**Requirement**. Each record, minus any picture, should be returned exactly as written.

[[ Exercise data open ]]

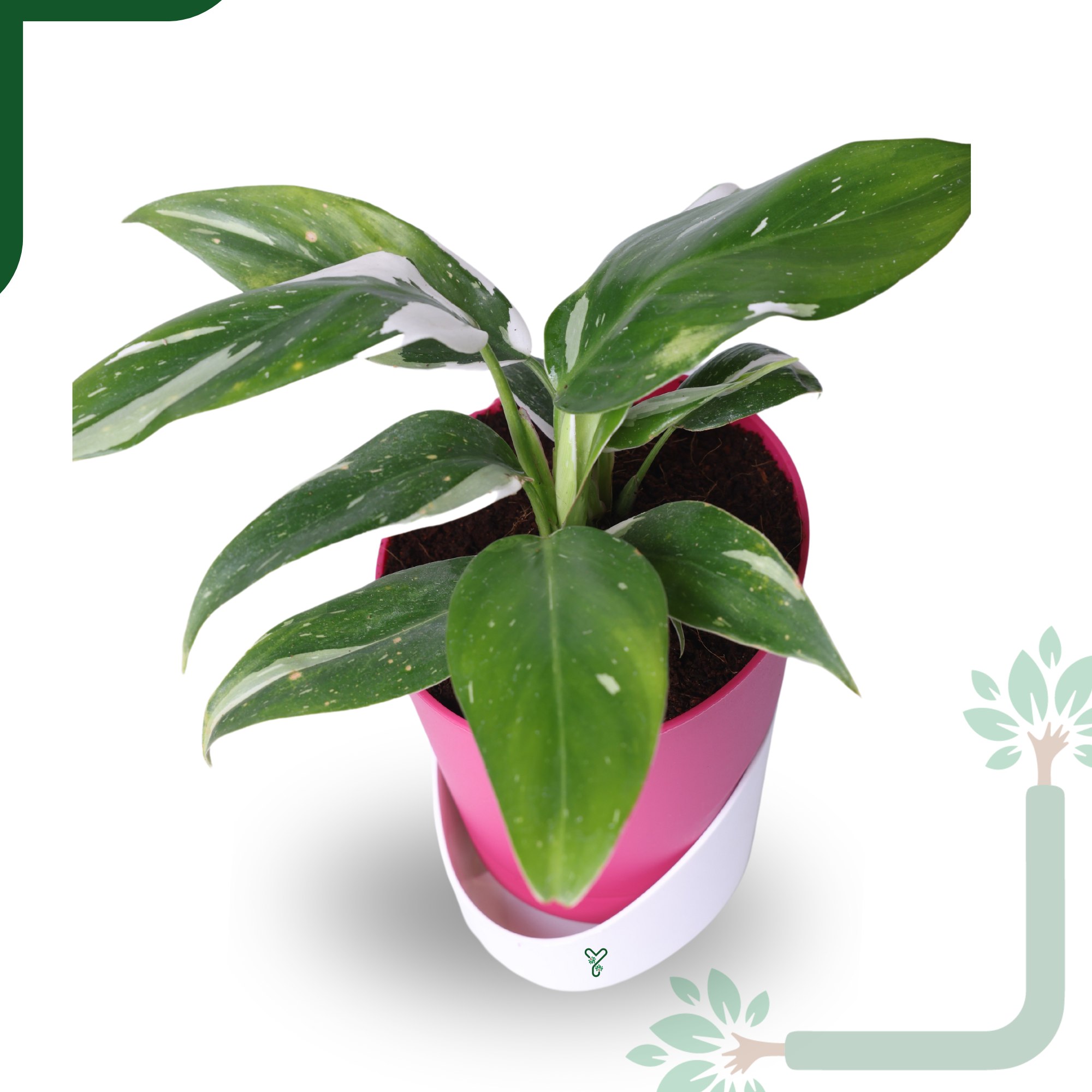 Philodendron White Princess Live Indoor Plant - Rare Beauty & Vastu Compliant_1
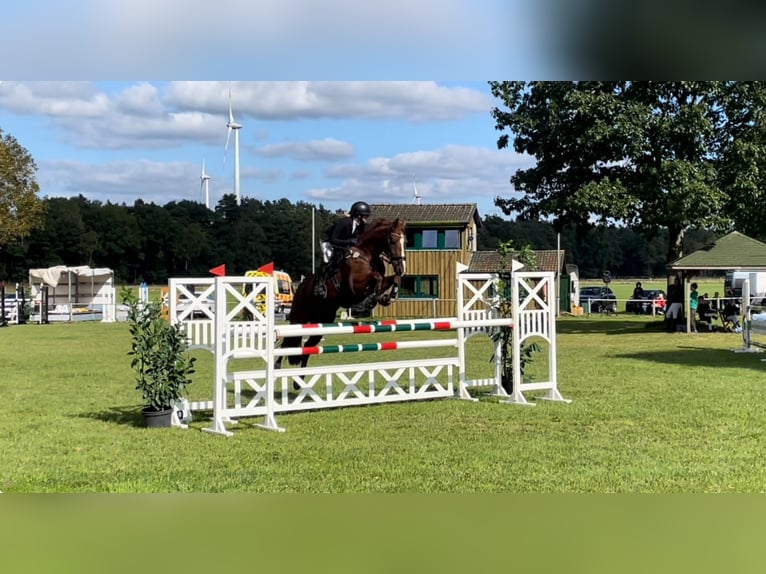 Oldenburger Springpferd Stute 11 Jahre 174 cm Dunkelfuchs in Hermannsburg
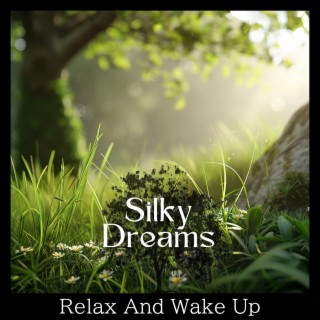 Relax And Wake Up
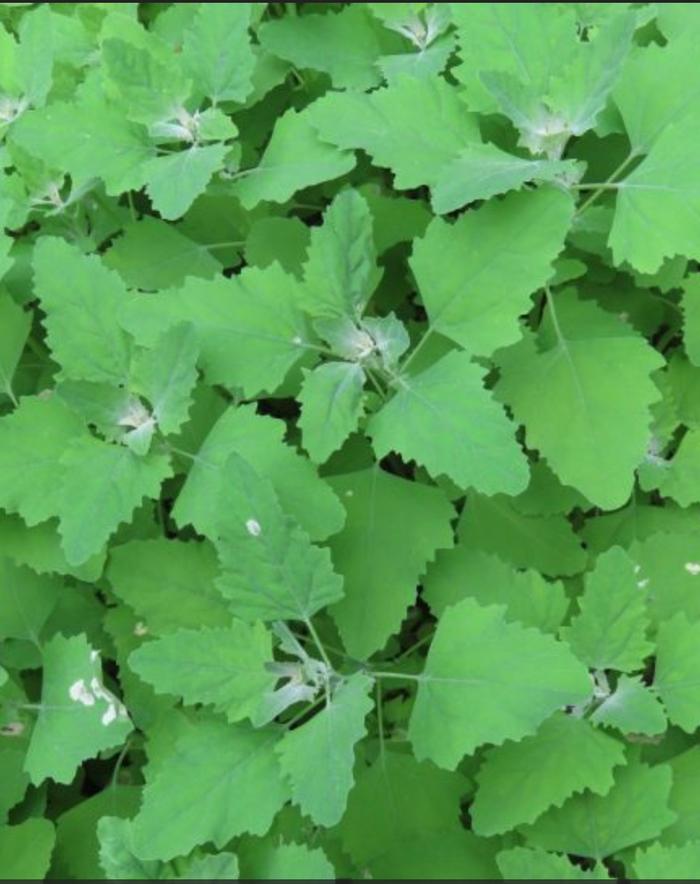 Lambsquarters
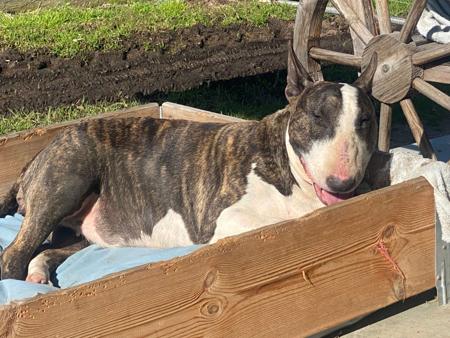 Bull Terrier for sale by BRAEBULL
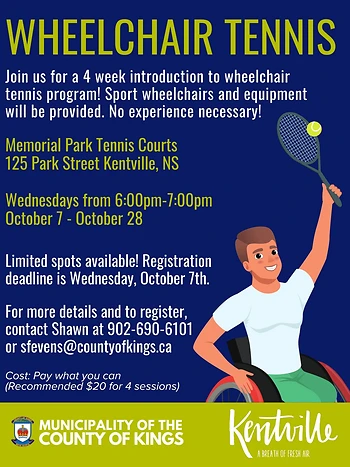 Poster for Wheelchair Tennis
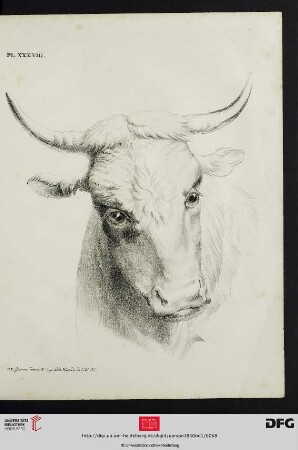 Pl. XXXVIII [Stierkopf (Schraffur; nach Demarne)]
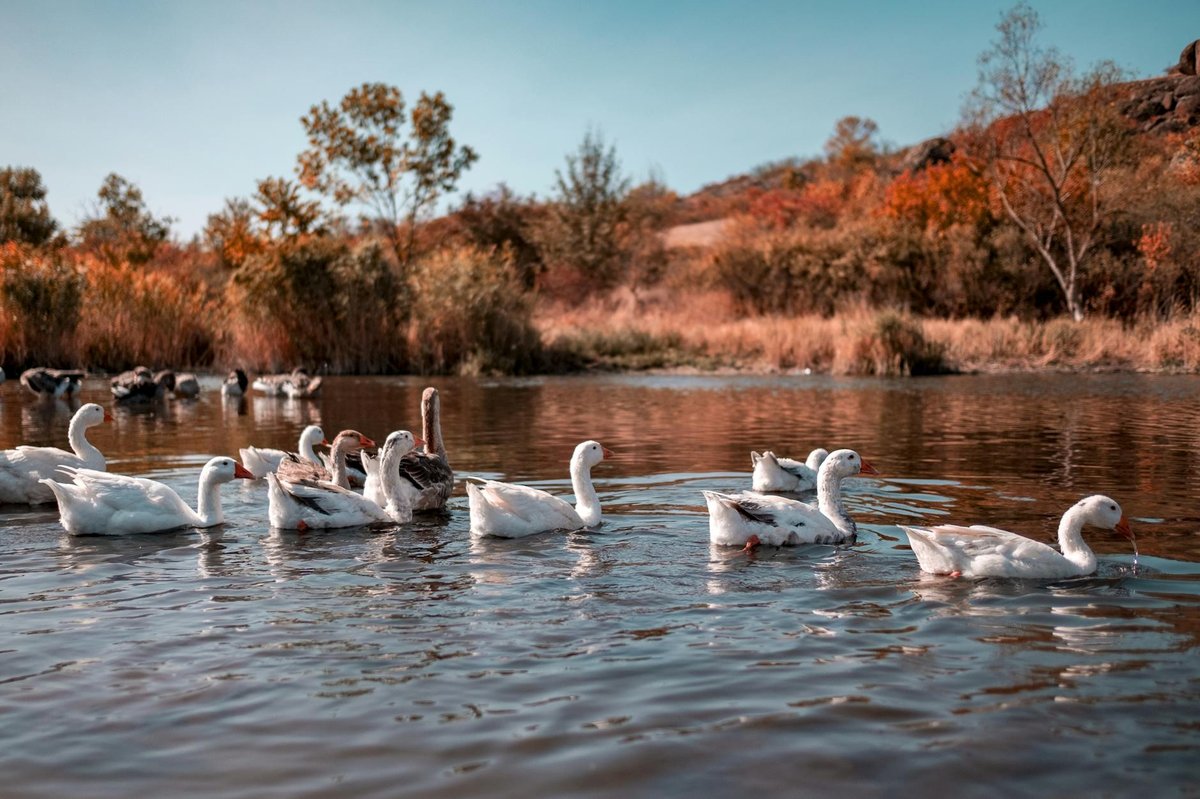 Argyle Pond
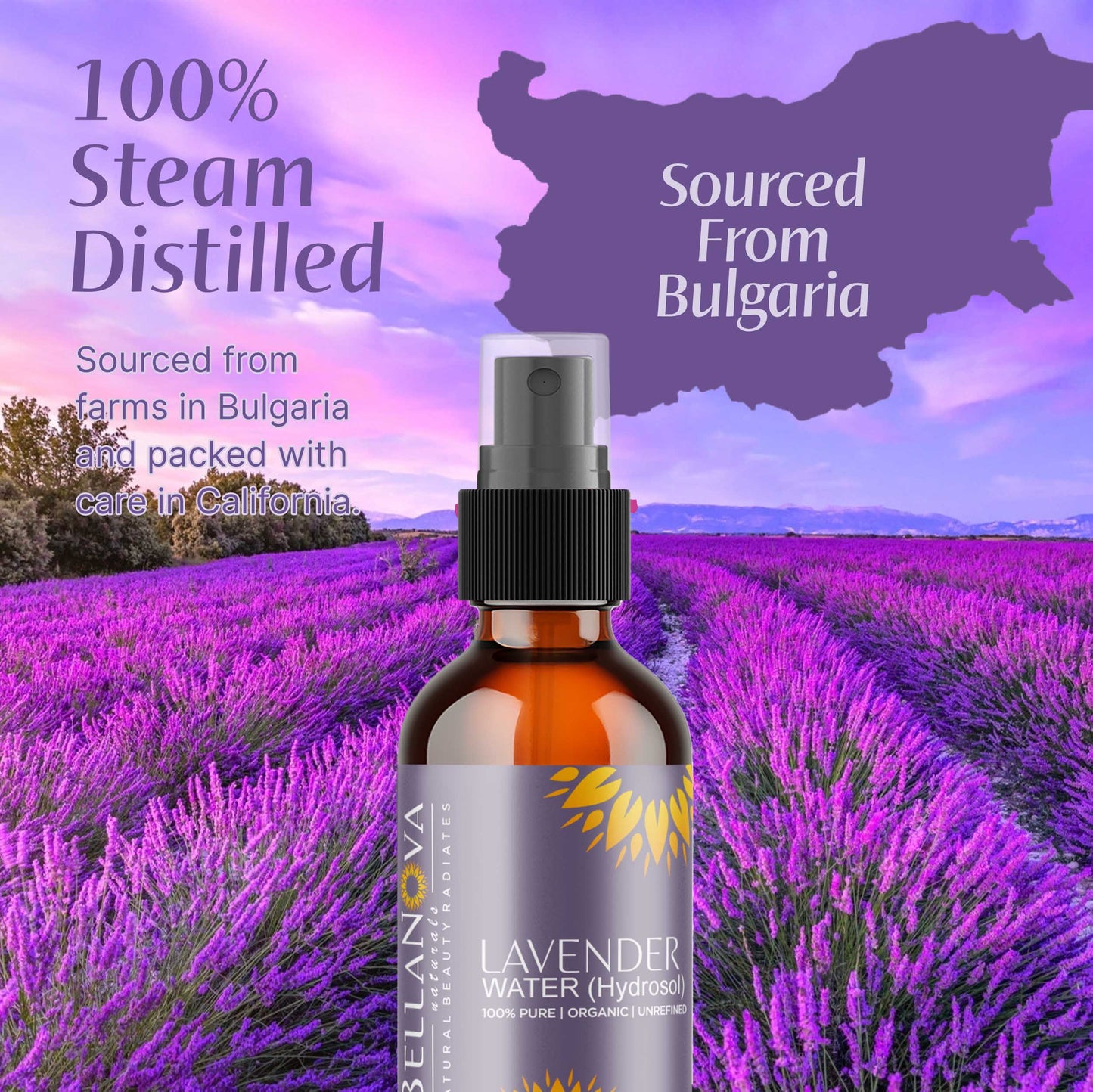 Organic Lavender Hydrosol – Calm, Hydrate & Revitalize Skin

[[ Exercise data closed ]]

**Answer to the exercise**.
 Philodendron White Princess Live Indoor Plant - Rare Beauty & Vastu Compliant_1
 Oldenburger Springpferd Stute 11 Jahre 174 cm Dunkelfuchs in Hermannsburg
 Relax And Wake Up
 Lambsquarters
 Bull Terrier for sale by BRAEBULL
 Poster for Wheelchair Tennis
 Pl. XXXVIII [Stierkopf (Schraffur; nach Demarne)]
 Argyle Pond
 Organic Lavender Hydrosol – Calm, Hydrate & Revitalize Skin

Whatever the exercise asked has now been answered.